Christmas and holidays are common sources of conflict when making custody arrangements. Which parent gets to spend the actual day with their child? Does the child have to go through two Christmases? Your first Christmas post-divorce will be difficult but we have some advice to help you get through.
Suzanne Jannese from Babble explains in her article about the numerous ‘traumatic’ Christmases she had to endure. Her parents divorced when she was small and constantly felt torn between two families. During her early teens, she:
- Worried about not having enough pocket money to buy presents for everyone
- Ate two Christmas lunches and felt sick for the sake of ‘keeping the peace’
- Ran to a neighbour’s house on Christmas Eve just to escape from the stress
- Cried at home alone one Christmas Day because her mother, despite fighting for custody that day, went to another celebration meant ‘only for adults’.
Suzanne pleads for parents to put their kids and their needs first. Children are sensitive to the emotions of the people around them and try their best to fix it. A child’s job is to have fun, to play, and to just be.

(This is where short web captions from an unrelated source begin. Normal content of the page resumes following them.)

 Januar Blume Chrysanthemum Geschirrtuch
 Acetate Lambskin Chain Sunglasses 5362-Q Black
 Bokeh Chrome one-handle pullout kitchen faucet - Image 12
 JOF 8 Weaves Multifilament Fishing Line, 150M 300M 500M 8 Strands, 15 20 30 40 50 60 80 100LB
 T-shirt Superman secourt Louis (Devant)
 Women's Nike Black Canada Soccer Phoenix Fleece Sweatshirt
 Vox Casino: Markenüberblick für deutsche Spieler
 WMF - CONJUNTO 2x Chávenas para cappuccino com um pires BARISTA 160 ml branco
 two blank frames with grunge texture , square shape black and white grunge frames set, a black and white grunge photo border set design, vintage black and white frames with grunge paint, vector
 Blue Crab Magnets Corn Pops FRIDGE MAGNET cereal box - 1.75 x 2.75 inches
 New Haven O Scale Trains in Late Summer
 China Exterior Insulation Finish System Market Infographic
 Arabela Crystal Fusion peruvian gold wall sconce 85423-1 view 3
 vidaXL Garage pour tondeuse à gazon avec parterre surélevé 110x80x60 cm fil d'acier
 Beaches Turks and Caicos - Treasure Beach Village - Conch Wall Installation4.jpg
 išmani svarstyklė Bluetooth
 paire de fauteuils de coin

Dr Robert Emery, PhD, advises parents that sometimes it’s better not to be friends post-divorce. Sometimes it works and couples reconcile (though this is rare). But when the relationship is beyond salvaging and there’s lingering bitterness, he recommends the following: treat your ex as a business partner. You’re bound together by the child you have, and there’s still a job to do. Dr Emery further explains how to handle the holidays in his blog on Psychology Today:
- Remember that Christmas isn’t about you or one-upping your ex through the gifts you give. Explain the values that come with Christmas to your kids (thankfulness, forgiveness etc)
- Make new traditions with your kids. If they don’t spend the actual day with you, create your own brand of Christmas that year.
- Don’t avoid your ex-partner. Communicate and schedule visiting times, and even presents. This way you both know your child’s movements and you don’t double up on gifts.
Divorce and the whole process will hit the kids hard, writes, Christina McGhee. Ultimately, it’s up to the parents to explain the situation as best they can, and what’s going to happen next. Christina urges parents to be transparent about how the upcoming Christmas will be different to those in the past. She also recommends these steps to keep sanity, perspective and emotions in order:
- Let the children’s needs be the backbone of planning your Christmas
- Explain that different doesn’t have to be a bad thing. Rather, it’s a chance to start new traditions with each parent.
- Make sure you care for yourself, whether it’s for an hour or a day. Your emotions are going through the wringer and the children are going to pick up on it if you don’t stay calm.